When the hardware fails, there's not much you can do other than switch the application to a different computer so as to make sure that the hardware failure doesn't cause application downtime.
Disaster Recovery
Business continuity and disaster recovery, though used interchangeably, are different concepts.
Disaster recovery refers to re-establishing the application or system connectivity or availability on an alternate site, commonly known as a DR site, after an outage in the primary site. The outage can be caused by a site-wide (data center) wide infrastructure outage or a natural disaster.
Business continuity is a strategy that ensures that a business is up and running with minimal or zero downtime or service outage. For example, as a part of business continuity, an organization may plan to decouple an application into small individual standalone applications and deploy each small application across multiple regions. Let's say that a financial application is deployed on region one and the sales application is deployed on region two. Therefore, if a disaster hits region one, the finance application will go down, and the company will follow the disaster recovery plan to recover the financial application. However, the sales application in region two will be up and running.
High availability and disaster recovery are not only required during hardware failures; you also need them in the following scenarios:
System upgrades: Critical system upgrades such as software, hardware, network, or storage require the system to be rebooted and may even cause application downtime after being upgraded because of configuration changes. If there is an HA setup present, this can be done with zero downtime.
Human errors: As it's rightly said, to err is human. We can't avoid human errors; however, we can have a system in place to recover from human errors. An error in deployment or an application configuration or bad code can cause an application to fail. An example of this is the GitLab outage on January 31, 2017, which was caused by the accidental removal of customer data from the primary database server, resulting in an overall downtime of 18 hours.
Note
You can read more about the GitLab outage post-mortem here: https://about.gitlab.com/2017/02/10/postmortem-of-database-outage-of-january-31/.
Security breaches: Cyber-attacks are a lot more common these days and can result in downtime while you find and fix the issue. Moving the application to a secondary database server may help reduce the downtime while you fix the security issue in most cases.
Let's look at an example of how high availability and disaster recovery work to provide business continuity in the case of outages.
Consider the following diagram:
The preceding diagram shows a common HA and DR implementation with the following configuration:
The primary and secondary servers (SQL Server instance) are in Virginia. This is for high availability (having an available backup system).

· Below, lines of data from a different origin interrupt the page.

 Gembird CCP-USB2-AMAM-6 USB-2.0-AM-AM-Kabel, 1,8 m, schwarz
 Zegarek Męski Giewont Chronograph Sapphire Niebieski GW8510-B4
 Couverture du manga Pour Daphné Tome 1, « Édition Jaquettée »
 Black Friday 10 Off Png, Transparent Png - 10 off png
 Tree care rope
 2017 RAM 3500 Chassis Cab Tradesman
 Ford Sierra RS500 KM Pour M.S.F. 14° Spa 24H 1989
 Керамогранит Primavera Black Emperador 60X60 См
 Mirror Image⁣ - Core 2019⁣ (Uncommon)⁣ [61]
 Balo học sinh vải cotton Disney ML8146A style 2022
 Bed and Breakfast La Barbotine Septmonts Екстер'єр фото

The primary and secondary servers are in the same data center and are connected over LAN.
A DR server (a third SQL Server instance) is in Ohio, which is far away from Virginia. The third SQL Server instance is used as a DR site.

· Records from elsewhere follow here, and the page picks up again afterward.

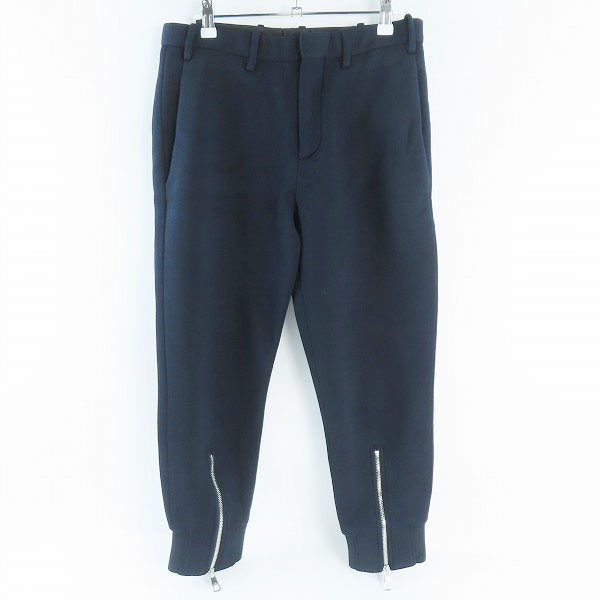 実際に弊社で買取させて頂いたNeil Barrett/ニールバレット slimfit lowrise イージー パンツ 44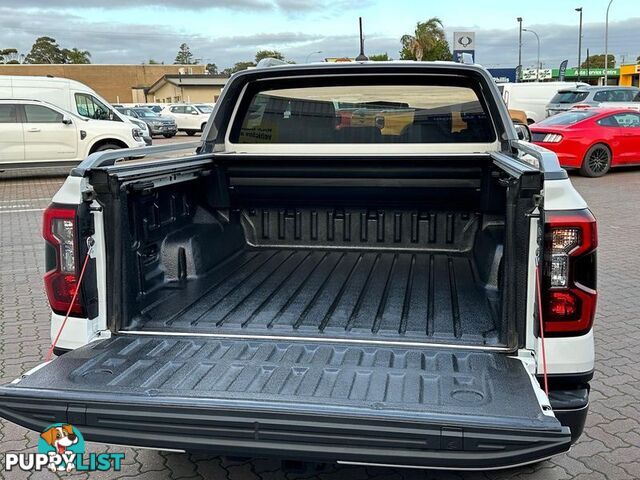 2023 Ford Ranger Wildtrak (No Series) Ute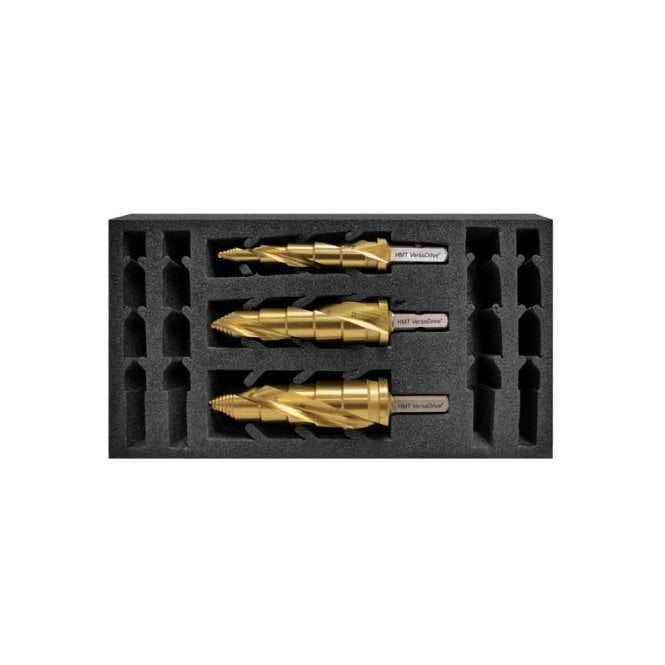 HMT 506040-SET1 VersaDrive TurboTip ImpactaStep Cutters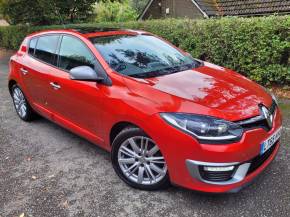 RENAULT MEGANE at Worleys Garage High Wycombe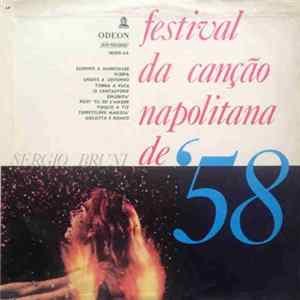 Sergio Bruni - Festival Da Canção Napolitana De 1958 Album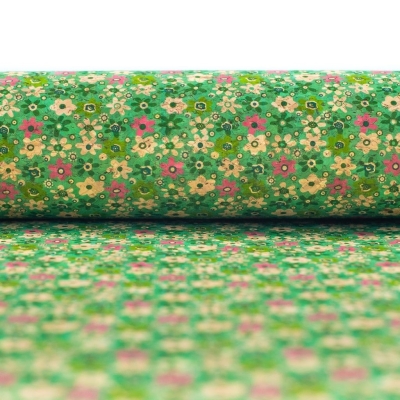 Garden Floral, Cork Fabric COF-347-A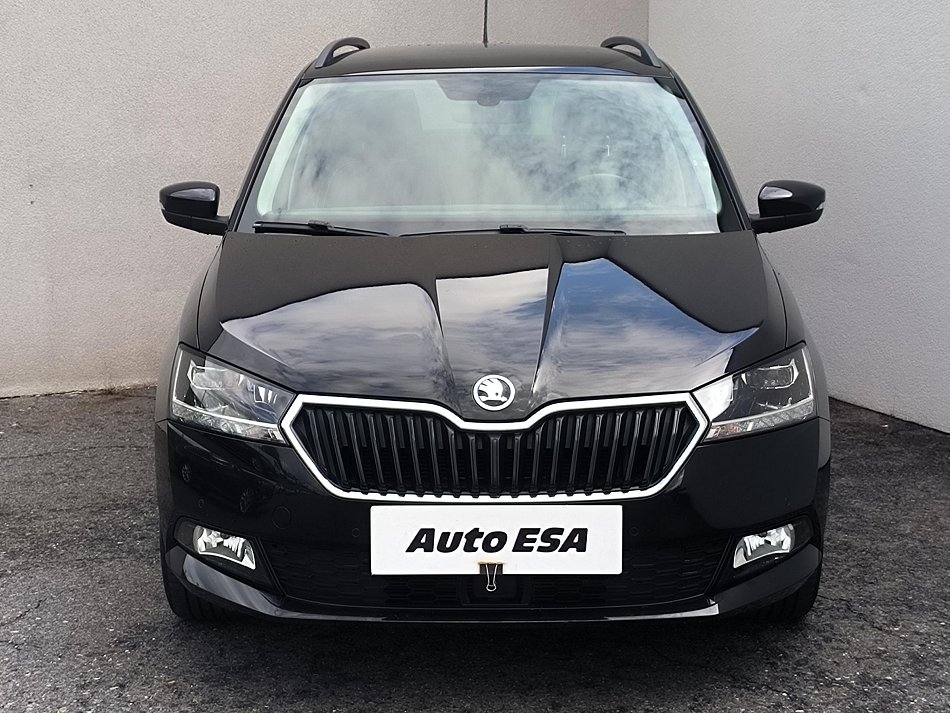 Škoda Fabia III 1.0 TSi Soleil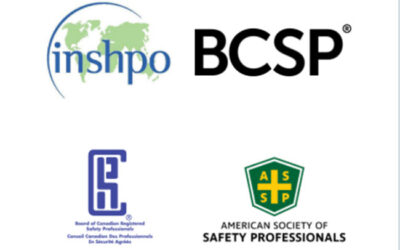 BCSP and the BCSP Foundation Joins INSHPO and Others in a Collaborative Research InvestmentExamining the Value of Using Safety Professionals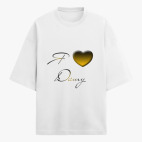 Футболка оверсайз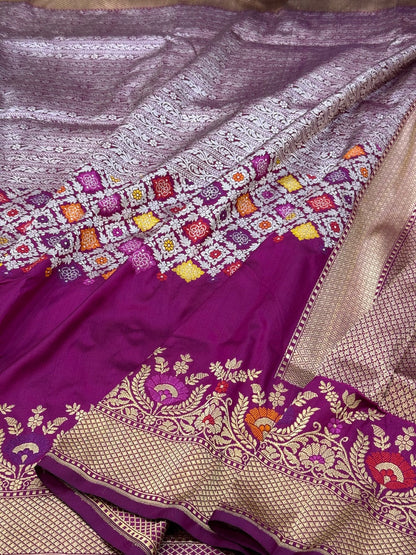 Handwoven Banarasi Pure Silk Saree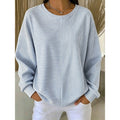 Indie | Relaxed Striped Crew-Neck Top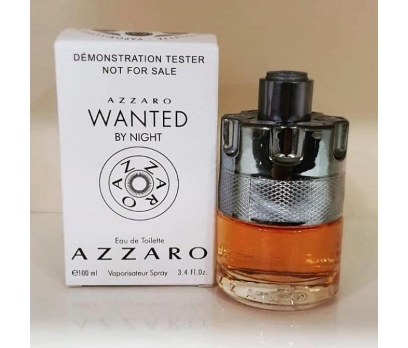 TESTER AZZARO WANTED BY NİGHT EDT 100 ML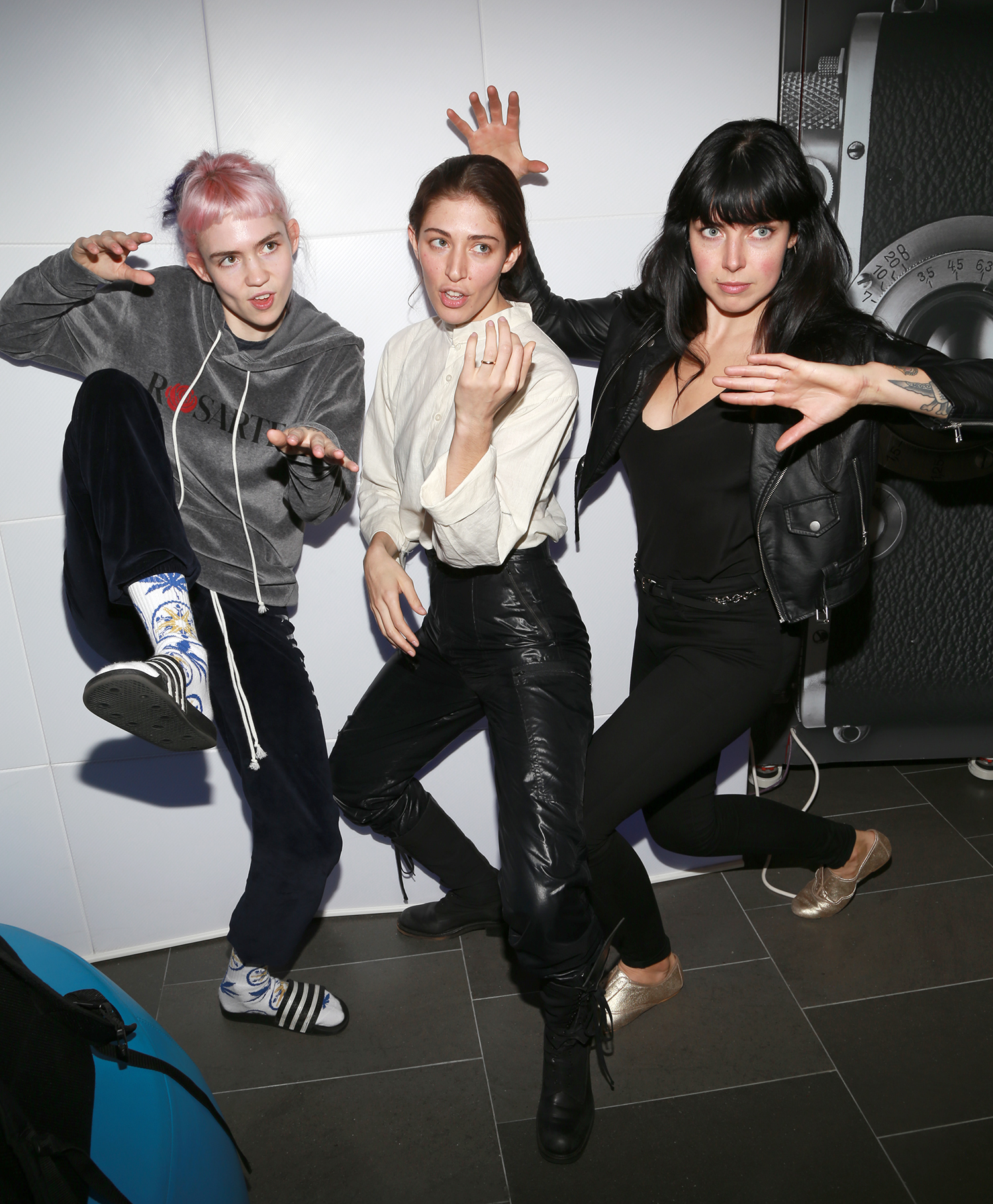 Caroline Polachek, Alexis Krauss, & Grimes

The DR site is connected over the internet to the primary site. This is mostly a private network for added security.
The primary SQL Server (node 1) is active and is currently serving user transactions.
The secondary and DR servers are inactive or passive and are not serving user transactions.
Let's say there is a motherboard failure on node 1 and it crashes. This causes node 2 to be active automatically and it starts serving user transactions. This is shown in the following diagram:
This is an example of high availability where the system automatically switches to the secondary node within the same data center or a different data center in the same region (Virginia here).
The system can fall back to the primary node once it's fixed and up and running.
Note
A data center is a facility that's typically owned by a third-party organization, allowing customers to rent or lease out infrastructure. A node here refers to a standalone physical computer. A disaster recovery site is a data center in a different geographical region than that of the primary site.
Now, let's say that while the primary server, node 1, was being recovered, there was a region-wide failure that caused the secondary server, node 2, to go down. At this point, the region is down; therefore, the system will fail over to the DR server, node 3, and it'll start serving user transactions, as shown in the following diagram:
This is an example of disaster recovery. Once the primary and secondary servers are up and running, the system can fall back to the primary server.
Note
Organizations periodically perform DR drills (mock DR) to make sure that the DR solution is working fine and to estimate downtime that may happen in the case of an actual DR scenario.